Keep the pictures out, and restate the listing that follows exactly as written.
====
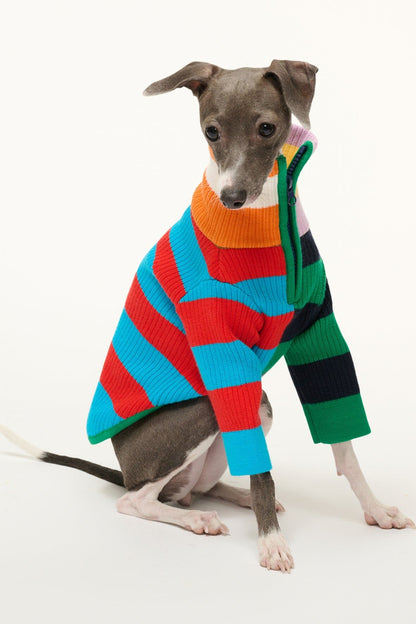 STAUD | Pet Hampton Sweater - Cabana Stripe Multi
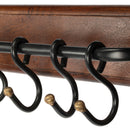 Glendo 23.5 in. W Rectangular Iron and Wood 6 Hook Wall Rack by Butler Specialty Company
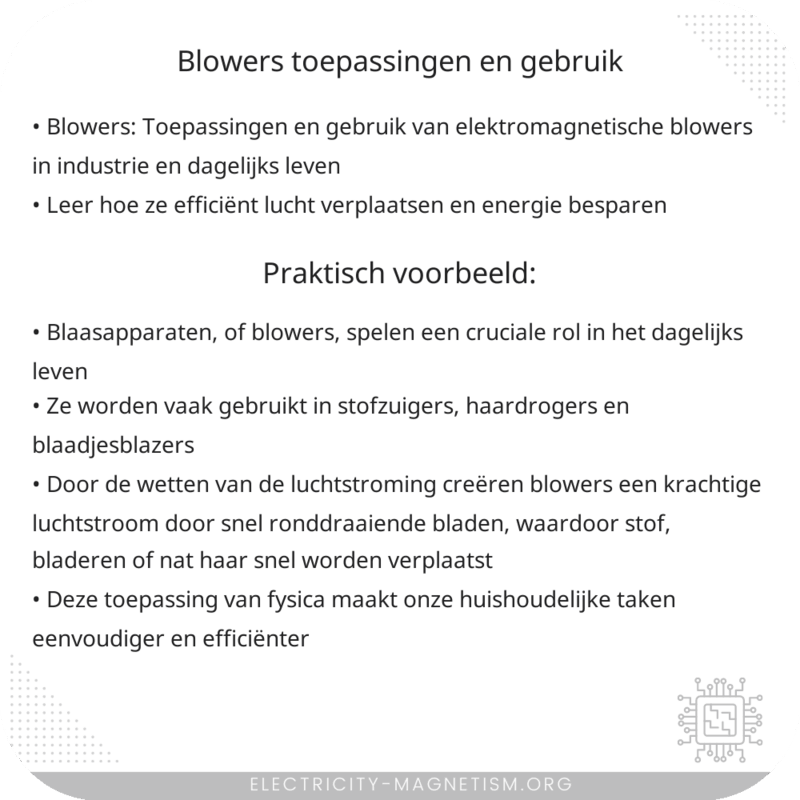 Blowers | Toepassingen en Gebruik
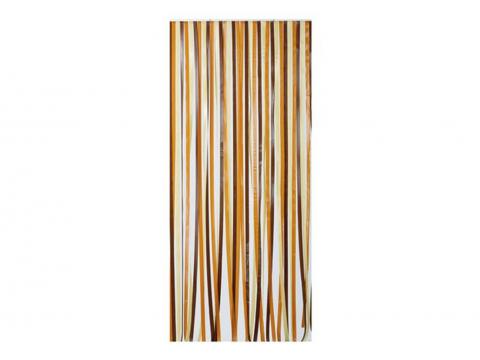 STRIPGORDIJN ANTILLES 90X200 BRUIN + BEIGE
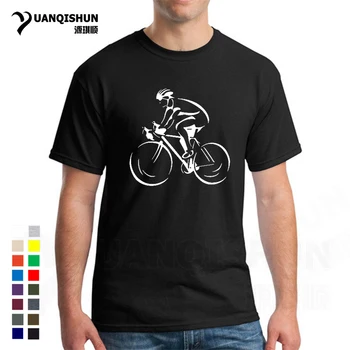 

2019 New Men Hot Fashion Solid T-Shirts Cyclist Bicycle Cycle Transport Biker Cycler Mens T Shirt 100% Cotton TShirt Camisetas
====
- Task response
 STAUD | Pet Hampton Sweater - Cabana Stripe Multi
 Glendo 23.5 in. W Rectangular Iron and Wood 6 Hook Wall Rack by Butler Specialty Company
 Blowers | Toepassingen en Gebruik
 STRIPGORDIJN ANTILLES 90X200 BRUIN + BEIGE

2019 New Men Hot Fashion Solid T-Shirts Cyclist Bicycle Cycle Transport Biker Cycler Mens T Shirt 100% Cotton TShirt Camisetas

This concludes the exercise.